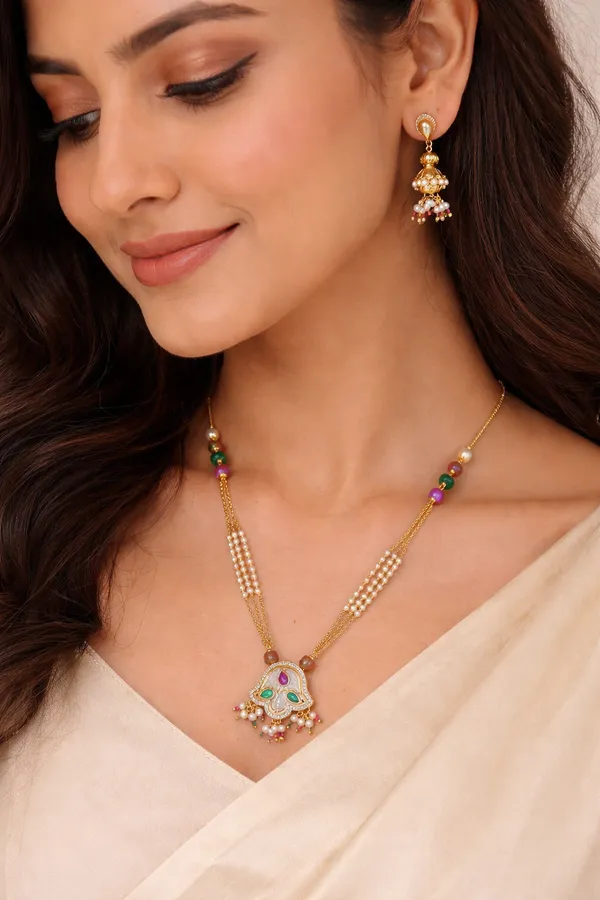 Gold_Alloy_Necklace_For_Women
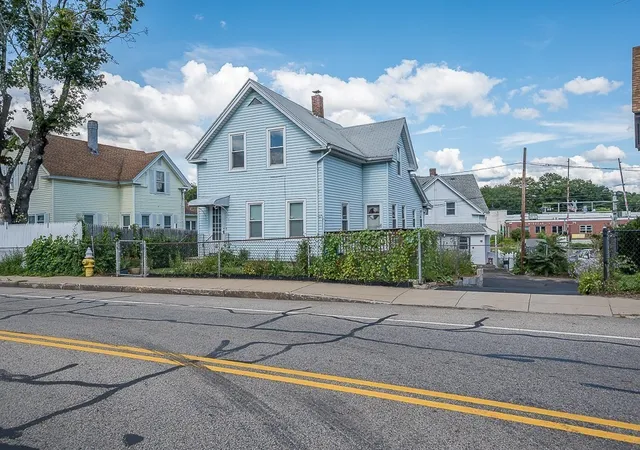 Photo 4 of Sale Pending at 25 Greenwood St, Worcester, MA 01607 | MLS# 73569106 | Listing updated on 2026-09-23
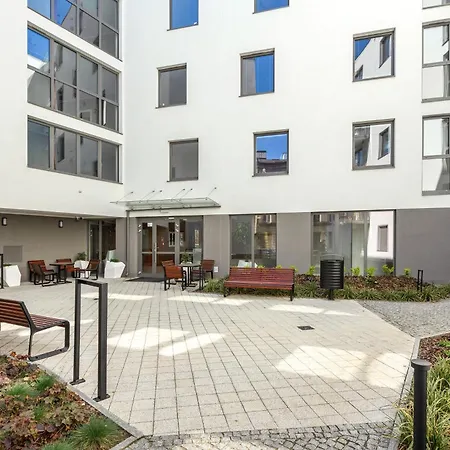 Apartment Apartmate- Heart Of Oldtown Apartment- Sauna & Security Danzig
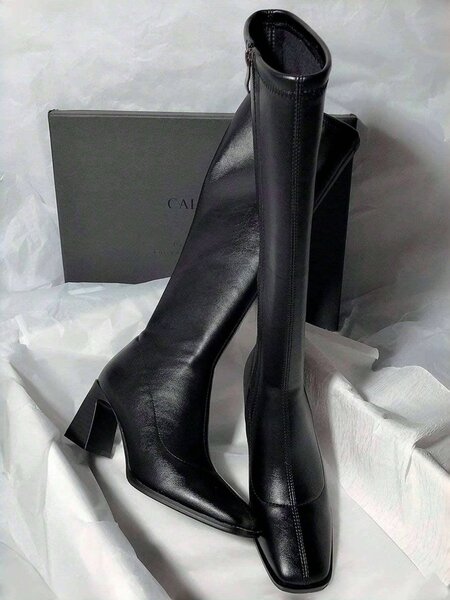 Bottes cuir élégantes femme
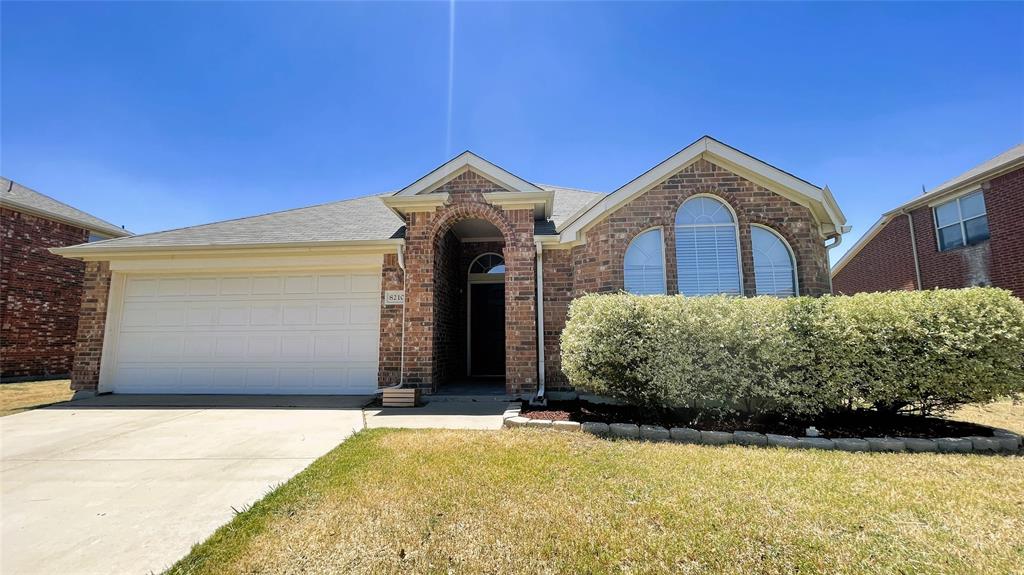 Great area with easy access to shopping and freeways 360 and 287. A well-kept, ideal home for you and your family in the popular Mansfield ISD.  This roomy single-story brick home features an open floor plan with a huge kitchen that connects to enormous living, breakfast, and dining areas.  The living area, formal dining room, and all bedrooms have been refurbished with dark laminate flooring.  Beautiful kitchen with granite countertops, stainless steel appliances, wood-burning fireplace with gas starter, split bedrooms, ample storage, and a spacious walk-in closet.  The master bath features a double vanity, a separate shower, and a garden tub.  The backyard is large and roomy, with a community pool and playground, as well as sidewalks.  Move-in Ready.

**Task statement**
Aside from the pictures, repeat the listing exactly.

**Solution to the problem**
 Gold_Alloy_Necklace_For_Women
 Photo 4 of Sale Pending at 25 Greenwood St, Worcester, MA 01607 | MLS# 73569106 | Listing updated on 2026-09-23
 Apartment Apartmate- Heart Of Oldtown Apartment- Sauna & Security Danzig
 Bottes cuir élégantes femme
 Great area with easy access to shopping and freeways 360 and 287. A well-kept, ideal home for you and your family in the popular Mansfield ISD.  This roomy single-story brick home features an open floor plan with a huge kitchen that connects to enormous living, breakfast, and dining areas.  The living area, formal dining room, and all bedrooms have been refurbished with dark laminate flooring.  Beautiful kitchen with granite countertops, stainless steel appliances, wood-burning fireplace with gas starter, split bedrooms, ample storage, and a spacious walk-in closet.  The master bath features a double vanity, a separate shower, and a garden tub.  The backyard is large and roomy, with a community pool and playground, as well as sidewalks.  Move-in Ready.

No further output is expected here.